Later that day while out playing in the woods again to pass the time, Nelly encounters a young girl (Gabrielle Sanz, actor Joséphine’s twin sister) who looks just like her, pulling a large branch over to the hut. She waves Nelly over to help and reveals that her name is, Marion.
Sciamma allows this blossoming friendship the space to flourish, and never overtly indicates whether it is a ghost story, an act of science fiction or purely a figment of Nelly’s imagination. Equally, she doesn’t specify if young Marion will always be found in an identical but fresher-looking house on the other side of the woods, or if her existence will cease once Nelly’s father puts the last box in the back of a moving van. It doesn’t really matter, because Petite Maman uses a familiar, youthful playfulness spliced with calmness and reflection in order to unpack the complexities of human life and emotion.

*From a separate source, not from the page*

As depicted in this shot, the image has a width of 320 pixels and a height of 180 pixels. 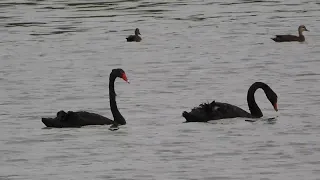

It shows that love, loss, family and friendship can be interconnected in myriad ways. The tension between physical absence but emotional presence is stretched across the equidistance between the past and the future. Petite Maman is a beautiful tale of a young girl simply trying to understand her mother so that she can be there for her during a difficult time, mixing surrealism with realism, child-like appeal with very adult contemplations on morality. It has something for every viewer, not least the reminder that our parents were once children with nascent curiosities and innocent worldviews.